30. Apurado o preenchimento do tipo previsto no artigo 351.º 2 – g) do CT, as demais circunstâncias disponíveis nos autos e relevantes à luz do disposto nos n.ºs 1 e 3 desse preceito legal são o grau médio de culpa (já acima analisado no contexto do elemento subjectivo) e a antiguidade do trabalhador, superior a 30 anos, sem que se tenham apurado antecedentes disciplinares, nem consequências negativas no relacionamento entre as partes ou entre o recorrido e os companheiros de trabalho. Pelo que, as exigências de prevenção especial e geral são baixas e podem ser alcançadas mediante uma sanção disciplinar conservatória da relação laboral. Sendo esses os contornos da situação, afigura-se que não é irremediável a preservação da relação laboral uma vez que o grau de culpa do recorrido é moderado e as exigências de prevenção são baixas e podem, por isso, ser satisfeitas mediante a aplicação de outra sanção disciplinar menos grave.

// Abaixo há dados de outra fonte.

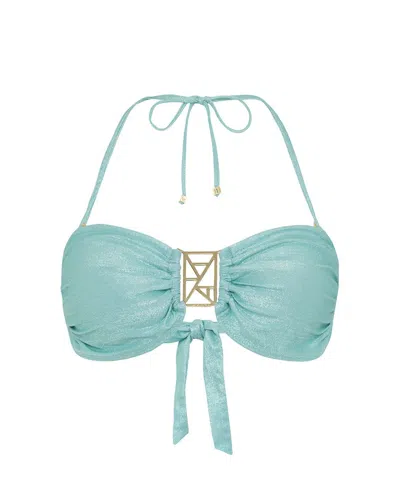 Leyla Maya Women's Green Kate Bandeau Bikini Top - Aqua Mist In Blue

31. Nessa apreciação o Tribunal leva em conta o princípio da proporcionalidade previsto no artigo 330.º n.º 1 do CT e o leque de sanções disciplinares previsto no artigo 328.º n.º 1 do CT que permite à recorrente escolher outras sanções conservatórias da relação laboral, adequadas e proporcionais ao grau de culpa e às exigências de prevenção acima ponderadas.
32. Adicionalmente, o Tribunal leva em conta a jurisprudência constante dos acórdãos já proferidos por esta 4.ª secção do Tribunal da Relação de Lisboa, nos processos 1851/24.6T8FNC.L1 e 1852/24.4T8FNC.L1, que julgaram ilícitos os despedimentos no âmbito de relações laborais existentes entre a recorrente, como empregadora, e cada um dos outros dois companheiros de trabalho do recorrido, como trabalhadores, que faltaram injustificadamente em circunstâncias comparáveis às que aqui estão em causa.
33. Em conformidade, afigura-se que não se verifica o segundo elemento da justa causa de despedimento, a saber, a impossibilidade prática e imediata da subsistência da relação laboral.
34. Assim sendo, embora exista infracção disciplinar por violação do disposto nos artigos 128.º n.º 1 – b) e 253.º do CT, não se verifica a justa causa de despedimento por faltar o elemento objectivo acima analisado. Pelo que, a sentença recorrida não infringiu o disposto nos artigos 330.º n.º 1, 351.º n.º 1, n.º 2 – g) e n.º 3 e 357.º n.º 4, do CT.
35. Motivos pelos quais improcede o recurso e se mantém a decisão recorrida.
Decisão
I. Julgo improcedente o recurso e, em conformidade, mantenho a decisão recorrida.
II. Condeno a recorrente nas custas do recurso – cf. artigo 527.º n.ºs 1 e 2 do CPC, ex vi artigo 87.º n.º 1 do CPT.